Exercise objective
Omit the pictures from the entries below and retype everything else exactly.

Data excerpts
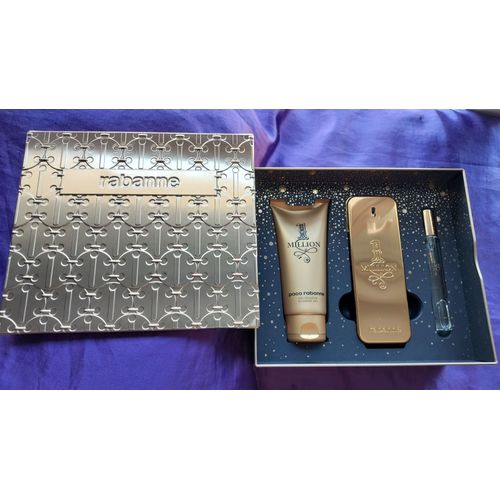 Paco Rabanne Coffret 1 Million Eau De Toilette 100 Ml Homme + Gel Douche 100 Ml + Vaporisateur De Voyage 10 Ml Boite Métallique 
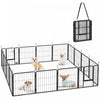 PawHut 16 Panels Dog Playpen, 22\"W x 24\"H Heavy Duty Pet Fence with Door & Strap for Indoor Outdoor Backyard Garden, Portable & Foldable for Small Dogs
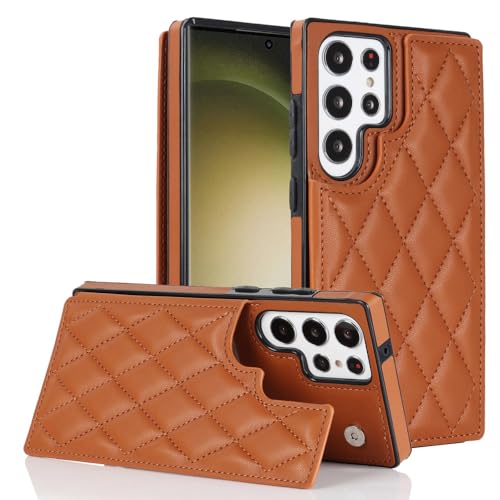 Couverture ultra mince pour Samsung A54, étui portefeuille en cuir marron pour le quotidien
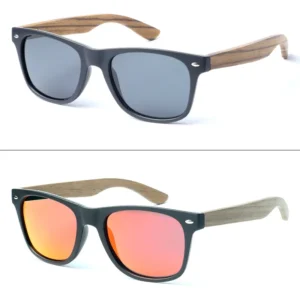 Custom With Logo Wood Temple Square Wooden Sun Glasses Shades Sunglasses for Men Women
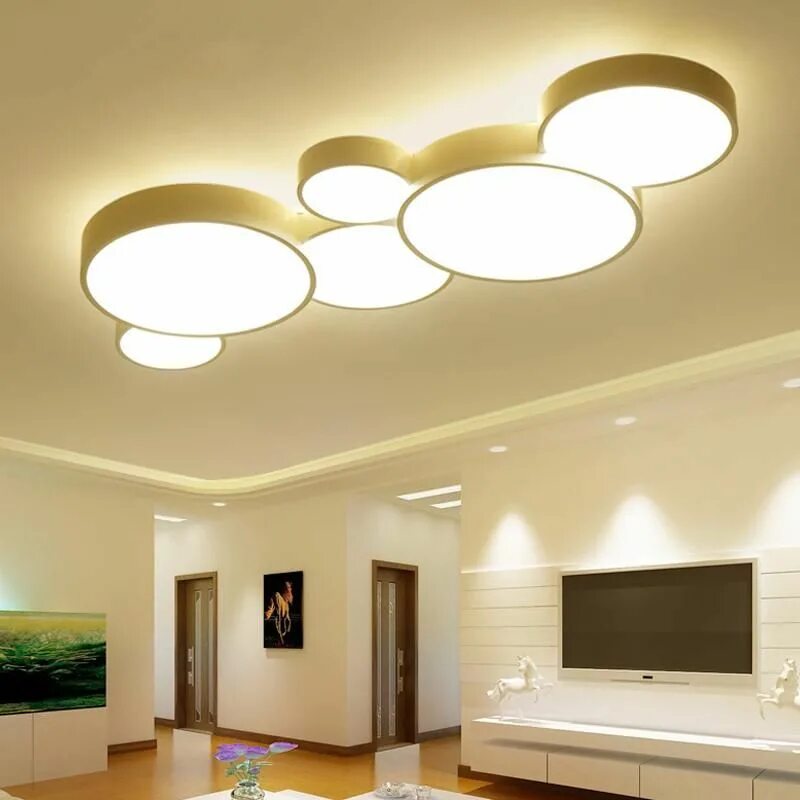 Потолок лампочки в зале фото Ceiling Circle Light Fixture (3 or 6 circles) Ceiling lights living room, Living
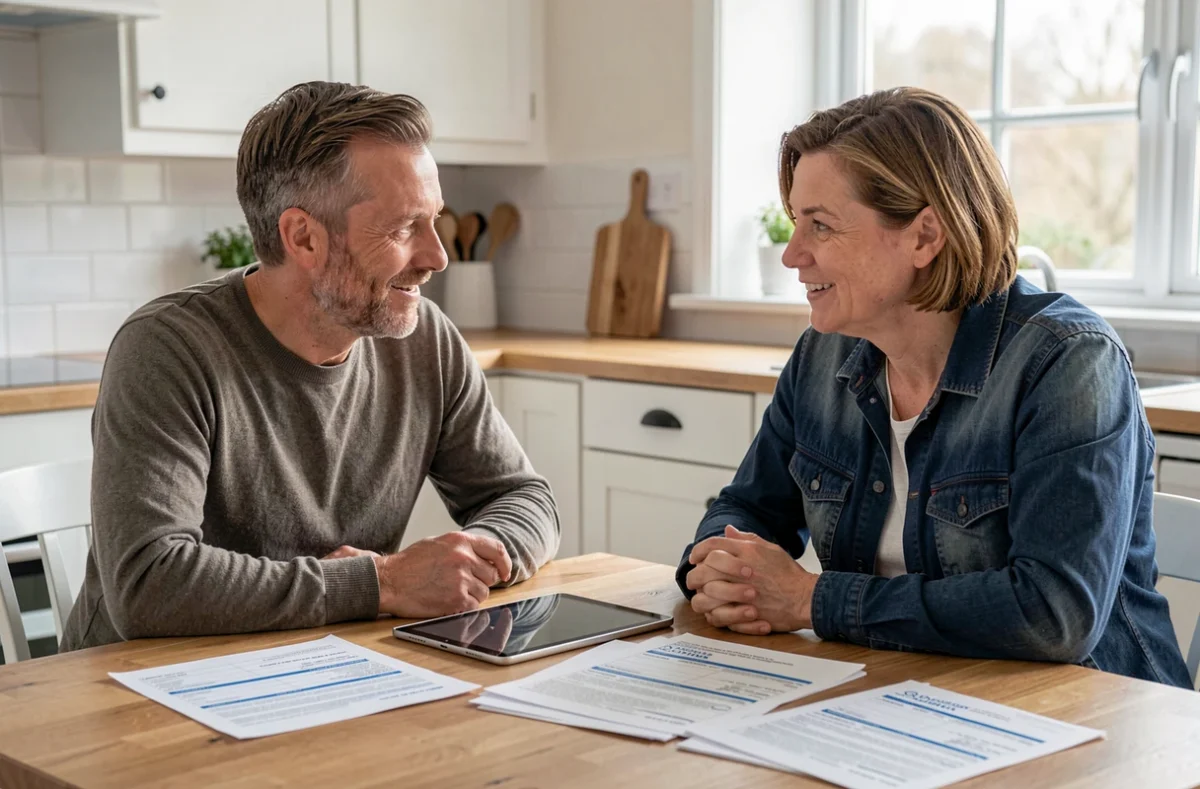 Couple comparant des devis d'assurance auto sans franchise à la maison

Answer box
 Paco Rabanne Coffret 1 Million Eau De Toilette 100 Ml Homme + Gel Douche 100 Ml + Vaporisateur De Voyage 10 Ml Boite Métallique 
 PawHut 16 Panels Dog Playpen, 22\"W x 24\"H Heavy Duty Pet Fence with Door & Strap for Indoor Outdoor Backyard Garden, Portable & Foldable for Small Dogs
 Couverture ultra mince pour Samsung A54, étui portefeuille en cuir marron pour le quotidien
 Custom With Logo Wood Temple Square Wooden Sun Glasses Shades Sunglasses for Men Women
 Потолок лампочки в зале фото Ceiling Circle Light Fixture (3 or 6 circles) Ceiling lights living room, Living
 Couple comparant des devis d'assurance auto sans franchise à la maison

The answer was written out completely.